Work request:
Leaving out all pictures, return exactly the lines from the one that contains "Eine Maskenbildnerin hilft" through the end of the data below.

Dataset records:
BEGIN

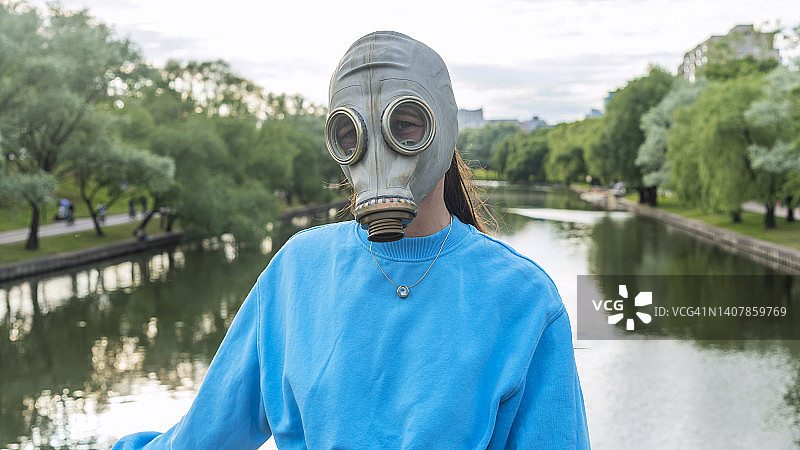 一个戴防毒面具的女孩站在河上的一座桥上。城市中的疏离感。时尚、生态、孤独的概念。图片素材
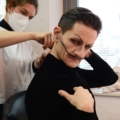 Eine Maskenbildnerin hilft einem Schauspieler beim Anziehen eines Kostüms als Vorbereitung für eine Aufführung.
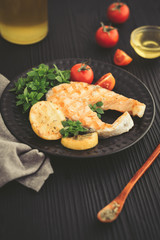 Grilled salmon with lemon and basil on dark background.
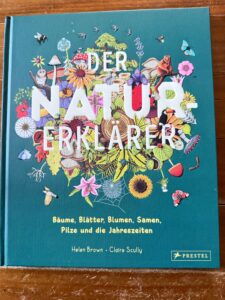 Dunkelrot Der Natur-Erklärer. Das Cover ist bunt und zeigt Motive der Natur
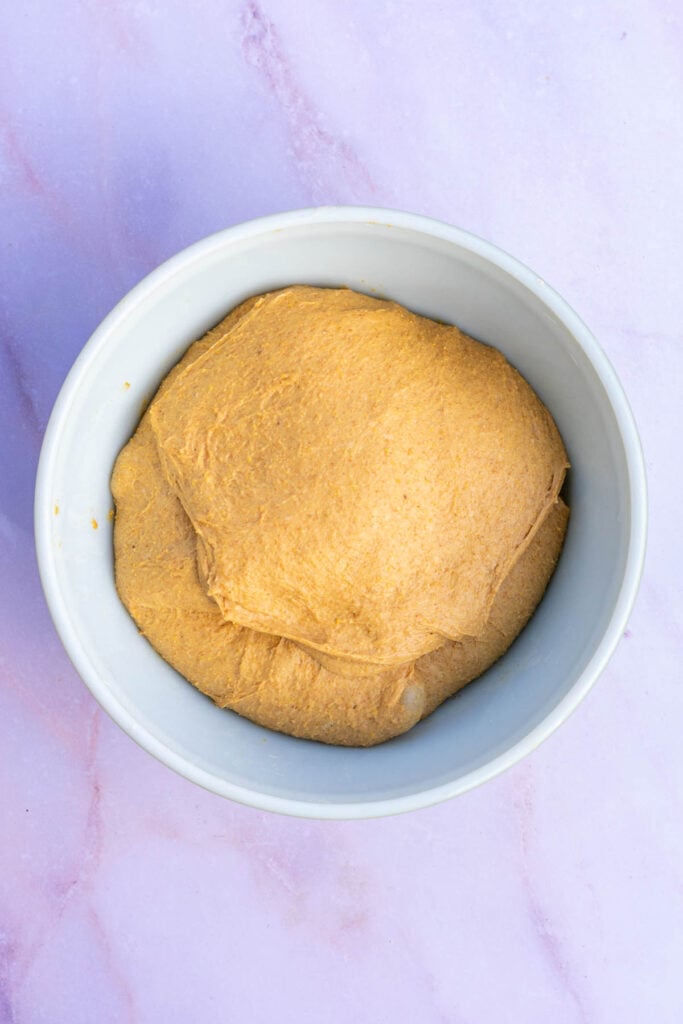 Sourdough anadama bread in bowl and doubled in size at the end of bulk fermentation.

END

Task output:
 Eine Maskenbildnerin hilft einem Schauspieler beim Anziehen eines Kostüms als Vorbereitung für eine Aufführung.
 Grilled salmon with lemon and basil on dark background.
 Dunkelrot Der Natur-Erklärer. Das Cover ist bunt und zeigt Motive der Natur
 Sourdough anadama bread in bowl and doubled in size at the end of bulk fermentation.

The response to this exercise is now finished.